The UNM community is mourning the loss of two colleagues, professor Hector Torres and graduate student Stefania Gray, who were found murdered at a residence near campus on Monday.

The two were considering getting married, according to friend Travis Parkin.

Torres worked as a faculty member at UNM since 1986. His humor and smile made Torres a popular figure within the department, said Gail Houston, chairwoman of the English department who had an office across from Torres for six years.

“He always had a smile for me. He was always there to listen,” Houston said. “Either he was working away on his computer, on his books or articles or he always had students. He was so brilliant, and they wanted to get everything out of him they could.”

In a news release, President David Schmidly and Provost Suzanne Ortega said, “Professor Hector Torres will be remembered as a scholar of great passion, dedication and kindness. Graduate student Stefania Gray was a scholar of great promise. Both were wonderful individuals and we join their families and many friends in great sadness.”

By Sean Gordon
Friends of Hector Torres left candles and other items at a memorial on his front porch on Santa Monica Avenue.

GPSA President Lissa Knudsen offered a statement giving condolences on behalf of the graduate student governing body.

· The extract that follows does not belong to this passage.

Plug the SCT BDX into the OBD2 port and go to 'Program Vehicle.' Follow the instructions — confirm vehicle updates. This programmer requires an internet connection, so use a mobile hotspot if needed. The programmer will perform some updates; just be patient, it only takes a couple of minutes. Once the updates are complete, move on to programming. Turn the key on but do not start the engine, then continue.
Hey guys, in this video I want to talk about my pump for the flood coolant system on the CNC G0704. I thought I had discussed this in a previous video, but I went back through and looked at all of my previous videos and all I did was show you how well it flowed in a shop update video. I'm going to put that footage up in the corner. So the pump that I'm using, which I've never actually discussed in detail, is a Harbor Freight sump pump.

“Stefania’s passage is a loss to the entire graduate student community at UNM,” Knudsen said. “I am deeply saddened by this act of senseless violence. Our organization is here to support all of our members as they cope with this tragedy, especially those in the foreign languages and literatures department.”

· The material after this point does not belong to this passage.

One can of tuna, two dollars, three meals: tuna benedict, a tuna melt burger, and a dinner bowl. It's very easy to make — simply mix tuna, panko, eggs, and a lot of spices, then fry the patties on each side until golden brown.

Torres, who taught courses in Chicana and Chicano literature, was a passionate deconstructionist and gave instruction on writing about film. However, his most dominant feature was the upbeat personality he brought to his profession.

“My last memories of him were seeing him smile,” Houston said. “We were at a faculty meeting, and he had to leave early and I was making a joke with him asking if he was mad at me, and he turned that brilliant smile to me as he was leaving.”

Houston said she would like to memorialize Torres with a scholarship and a moment of silence at this year’s graduation ceremony.

“Hector was many-sided; he knew people in very different ways and had strong relationships with people in many different sectors,” she said. “You didn’t feel judged when you were with him.”

Every Tuesday and Thursday for four years, Paul Ingles played basketball with Torres. Ingles said when he walked onto Johnson Center court Tuesday for a bi-weekly basketball game, he was the last player on the court to hear the tragic news.

“Some guys were not sure if we should play or not,” Ingles said. “But we felt Hector would have wanted us to continue playing.”

Torres was known on the basketball court for his rainbow jump shot and a wild hook shot that he would hit frequently.

“I judge people on how they play the game. He would never complain on the court,” Ingles said. “He was always gracious. When you passed him the ball, he made the shot.”

Parkin was a neighbor who would share a shot of tequila at the end of each work week with Torres. The two would talk about their plans for the weekend and bonded over conversations about life while laughing at each other’s jokes.

“Hector loved Tex-Mex music,” Parkins said. “On my KUNM radio show on Thursday, I’m going to close out the show by playing his favorite song, ‘Adis Muchachos’ by Los Panchos.”

Gray was a graduate student of comparative literature in the department of foreign languages and literatures and taught ninth grade English at Bernalillo High School. She was preparing to defend her thesis, “Dreams of Andalusia: Women, Gender, Memory and Nation,” after spring break.

She received her bachelor’s in Spanish and Portuguese and began working on her master’s thesis this semester while working full time.

Her assistant professor, Raji Vallury, who will read Gray’s thesis, remembers her as “vibrant, beautiful, and strong.”

Natasha Kolchevska, the foreign languages and literature chair, said her department is considering rewarding Gray her master’s degree posthumously. They also plan to bind a copy of her thesis and give it to her family. They also plan to post information about Gray on the department’s Web site, where friends and colleagues can leave comments.

“My faculty that worked with her thought highly of her. She struck me as a very warm, wise and motivated woman,” Kolchevska said.

Students and staff are preparing for memorials — some private, others open to the public.

Houston is trying to find light in this dark situation.

“Somebody told me Hector sent them a little note in Spanish that said, ‘There is nothing so awful that you can’t find good in it,’” she said. “That’s what he would be saying right now.”

APD released Torres’ and Gray’s names midday Tuesday.

Ralph Montoya, 37, is being charged with two counts of murder in connection with the couple’s death. He turned himself in Monday.